Exercise ▸
The job is to output each record exactly as it stands, pictures excluded.

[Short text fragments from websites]
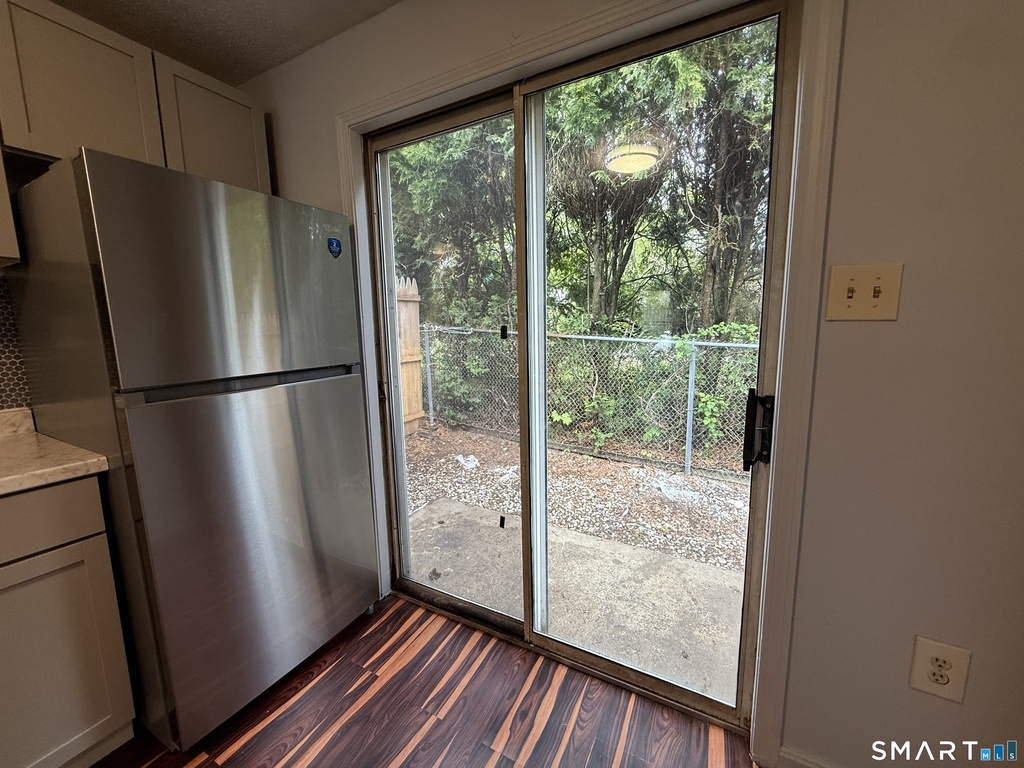 76 Summer Street - Photo 4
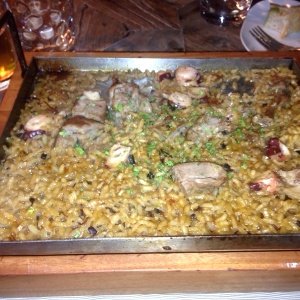 Arroz socarrat costilla y pulpo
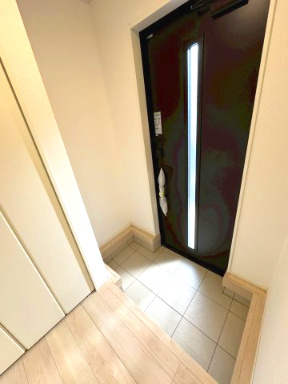 沼津市沢田町第1　新築戸建　全5棟　2号棟　の玄関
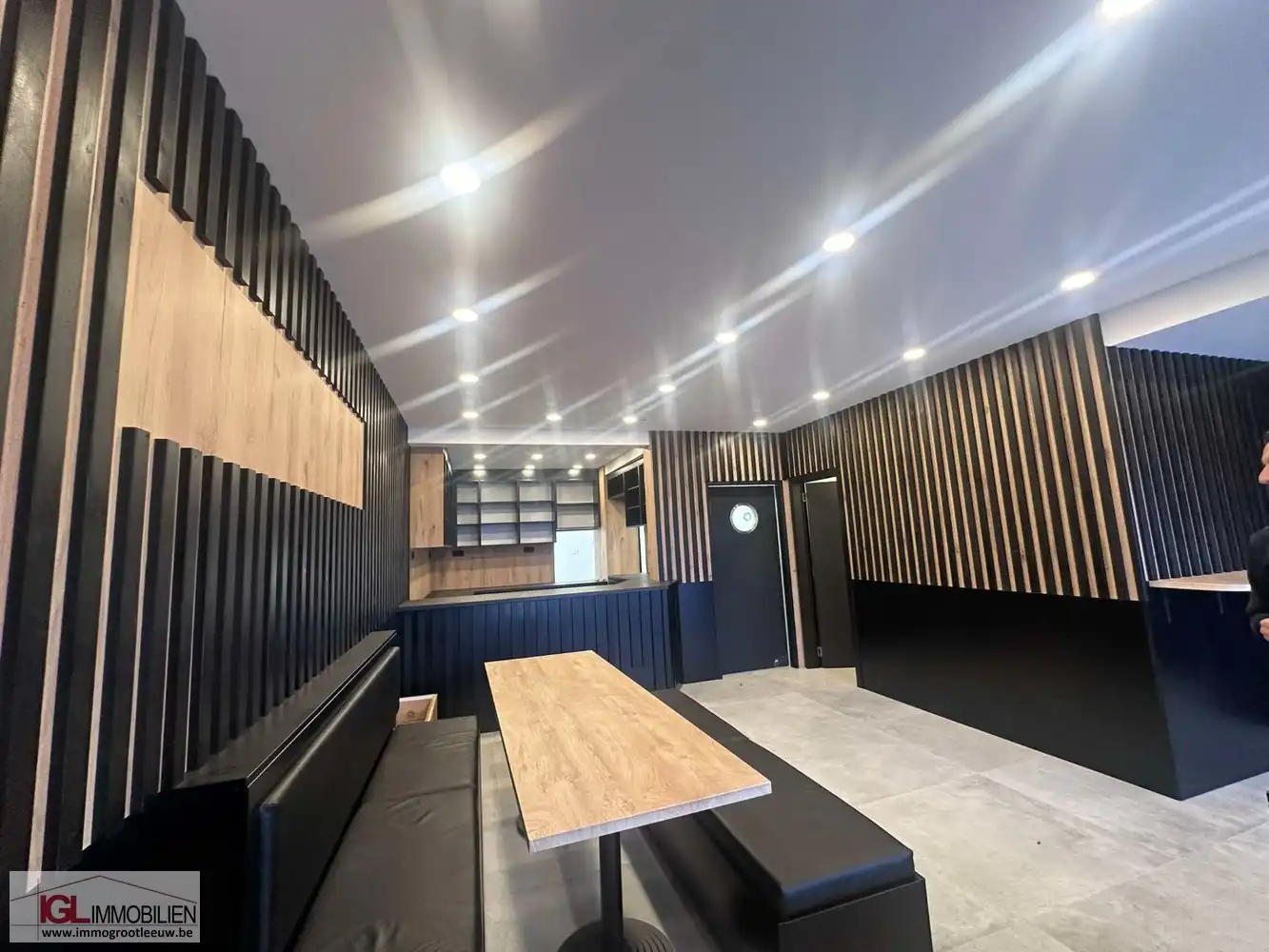 Volledig gerenoveerd handelspand aan het Vlezenbeekplein te koop foto 4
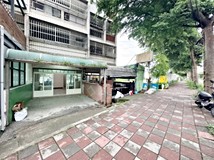 東大路二段讚👍中科臨路透店..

Solved problem ▸
 76 Summer Street - Photo 4
 Arroz socarrat costilla y pulpo
 沼津市沢田町第1　新築戸建　全5棟　2号棟　の玄関
 Volledig gerenoveerd handelspand aan het Vlezenbeekplein te koop foto 4
 東大路二段讚👍中科臨路透店..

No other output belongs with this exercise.